Directions for this task: Copy all the lines of the listing below exactly. Skip the images.

Stored data:
******************************
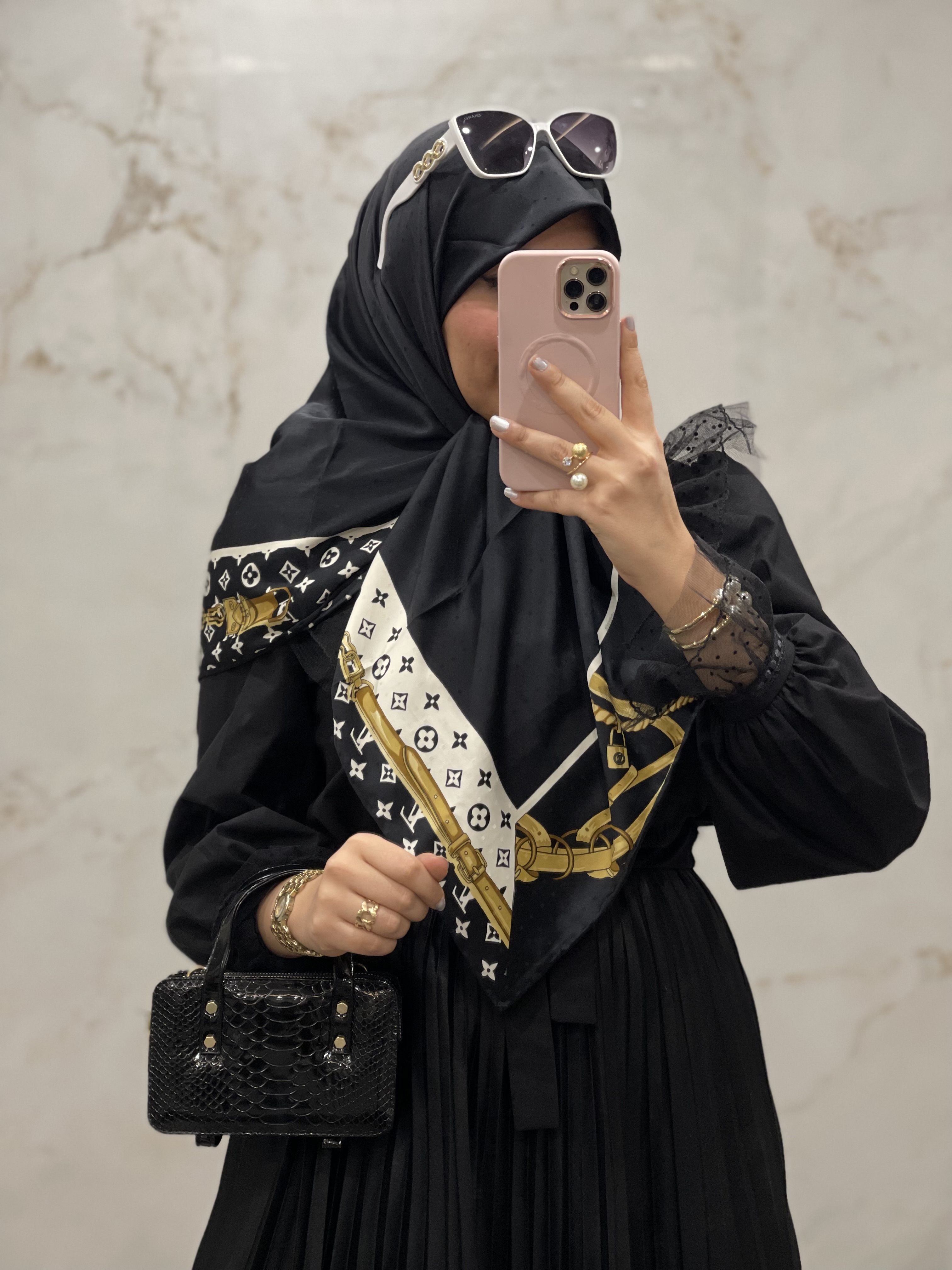 روسری ابریشم طرح lv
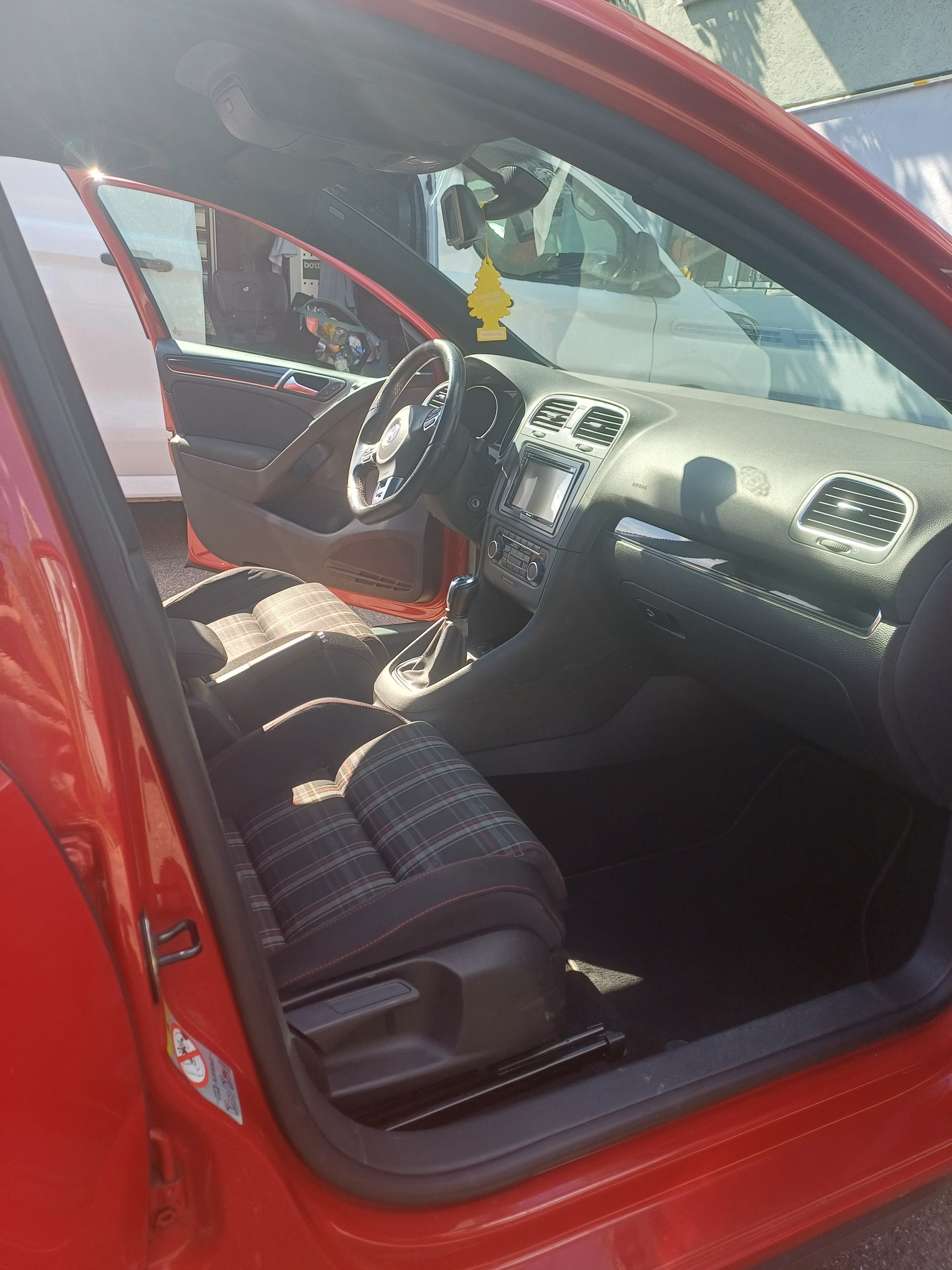 VW 2.0 TSI GTI-image-4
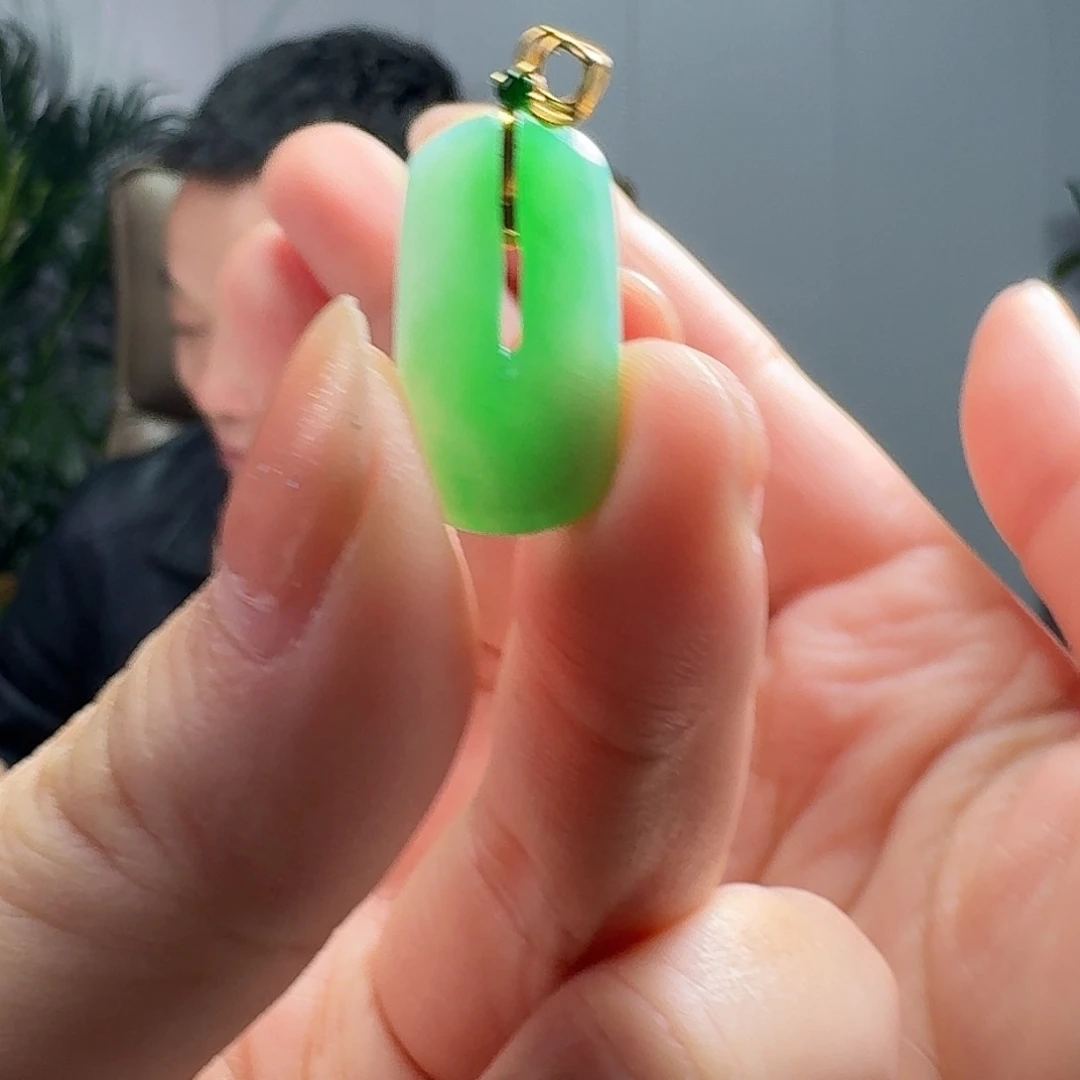 翡翠吊坠(不含链)18K金镶嵌天然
******************************
Answer section:
 روسری ابریشم طرح lv
 VW 2.0 TSI GTI-image-4
 翡翠吊坠(不含链)18K金镶嵌天然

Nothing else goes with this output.